On May 20, 2014, at 1:03 PM, Ben Pfaff <[email protected]> wrote:
> On Tue, May 20, 2014 at 12:40:20PM -0700, Jarno Rajahalme wrote:
>>
>> On May 20, 2014, at 10:08 AM, Ben Pfaff <[email protected]> wrote:
>>
>>> On Tue, May 20, 2014 at 09:12:23AM -0700, Ben Pfaff wrote:
>>>> On Fri, May 16, 2014 at 04:38:02PM -0700, Jarno Rajahalme wrote:
>>>>>> +static bool
>>>>>> +cmap_insert_dup(struct cmap_node *new_node, uint32_t hash,
>>>>>> + struct cmap_bucket *b)
>>>>>> +{
>>>>>> + int i;
>>>>>> +
>>>>>> + for (i = 0; i < CMAP_K; i++) {
>>>>>> + struct cmap_node *node = b->nodes[i];
>>>>>> + if (b->hashes[i] == hash && node) {
>>>>>> + for (;;) {
>>>>>> + struct cmap_node *next = cmap_node_next_protected(node);
>>>>>> + if (!next) {
>>>>>> + ovsrcu_set(&node->next, new_node);
>>>>>> + return true;
>>>>>> + }
>>>>>> + node = next;
>>>>>> + }
>>>>>
>>>>> It would be faster to add the dup to the beginning of the list instead:
>>>>>
>>>>> for (i = 0; i < CMAP_K; i++) {
>>>>> if (b->hashes[i] == hash) {
>>>>> ovsrcu_set(&new_node->next, b->nodes[i]);
>>>>> b->nodes[i] = new_node;
>>>>> return true;
>>>>> }
>>>>> }
>>>>>
>>>>> Syncing via the counter should be unnecessary, as the hash value was
>>>>> already set.
>>>>
>>>> That's a good point about the counter. That's the reason that I
>>>> switched to this method in v2.
>>>
>>> OK, here's an incremental I'm folding in. What do you think?
>>>
>>> diff --git a/lib/cmap.c b/lib/cmap.c
>>> index a1367bc..30a6e2d 100644
>>> --- a/lib/cmap.c
>>> +++ b/lib/cmap.c
>>> @@ -392,7 +392,7 @@ cmap_set_bucket(struct cmap_bucket *b, int i,
>>>
>>> /* Searches 'b' for a node with the given 'hash'. If it finds one, adds
>>> * 'new_node' to the node's linked list and returns true. If it does not
>>> find
>>> - * one, returns false. */
>>> + * one, returns false. */
>>> static bool
>>> cmap_insert_dup(struct cmap_node *new_node, uint32_t hash,
>>> struct cmap_bucket *b)
>>> @@ -402,14 +402,30 @@ cmap_insert_dup(struct cmap_node *new_node, uint32_t
>>> hash,
>>> for (i = 0; i < CMAP_K; i++) {
>>> struct cmap_node *node = b->nodes[i];
>>> if (b->hashes[i] == hash && node) {
>>> + struct cmap_node *p;
>>> +
>>> + /* The common case is that 'new_node' is a singleton, with a
>>> null
>>> + * 'next' pointer, but rehashing can add a longer chain. Find
>>> the
>>> + * end of the chain starting at 'new_node', then splice 'node'
>>> to
>>> + * the end of that chain. */
>>
>> I think this could be done regardless of the value of the
>> ?node?. ?node? could be NULL, if a preceding remove just NULLed the
>> node pointer but left the hash intact. I.e. it seems to me that when
>> a node is removed, there is no reason to remove the hash value from
>> the bucket, meaning that syncing via the counter would not be
>> necessary when removing nodes from cmap.
>
> I believe that the incremental that I posted does what you are describing.

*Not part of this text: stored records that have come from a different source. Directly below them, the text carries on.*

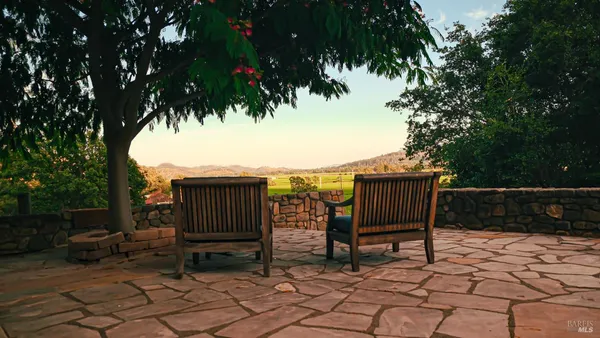 a view of house with backyard seating and patio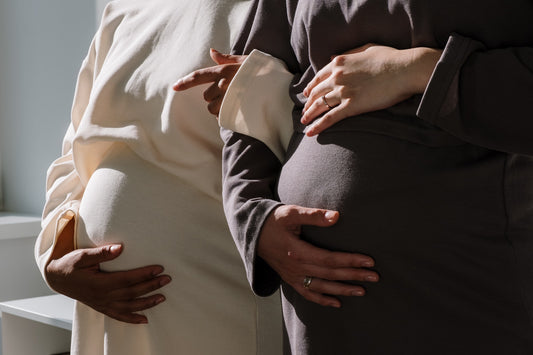 Pregnant friends holding bellies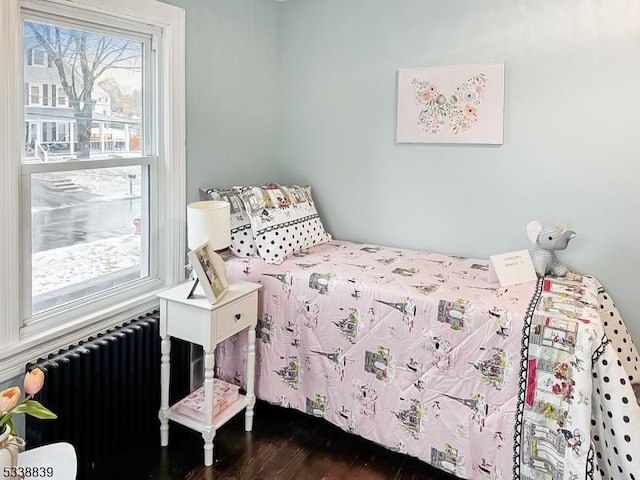 bedroom featuring radiator and dark wood-type flooring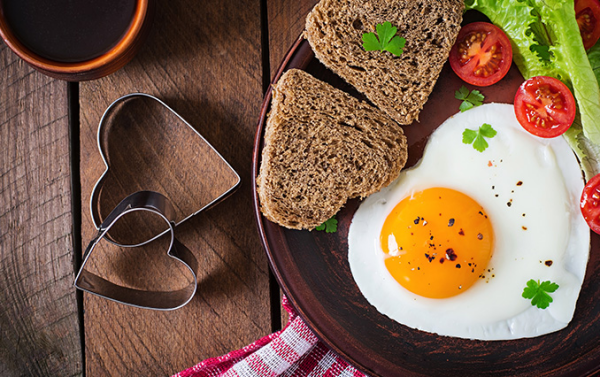 romantisches Frühstück zu zweit gesunde Ernährung Vollkornbrot Spiegelei in Herzform Tomate Salatblatt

> It does not call cmap_set_bucket() or set ->hashes[].
There is still this before the added code lines:
@@ -402,14 +402,30 @@ cmap_insert_dup(struct cmap_node *new_node, uint32_t hash,
for (i = 0; i < CMAP_K; i++) {
struct cmap_node *node = b->nodes[i];
if (b->hashes[i] == hash && node) {
i.e., ‘node’ is checked to be non-NULL.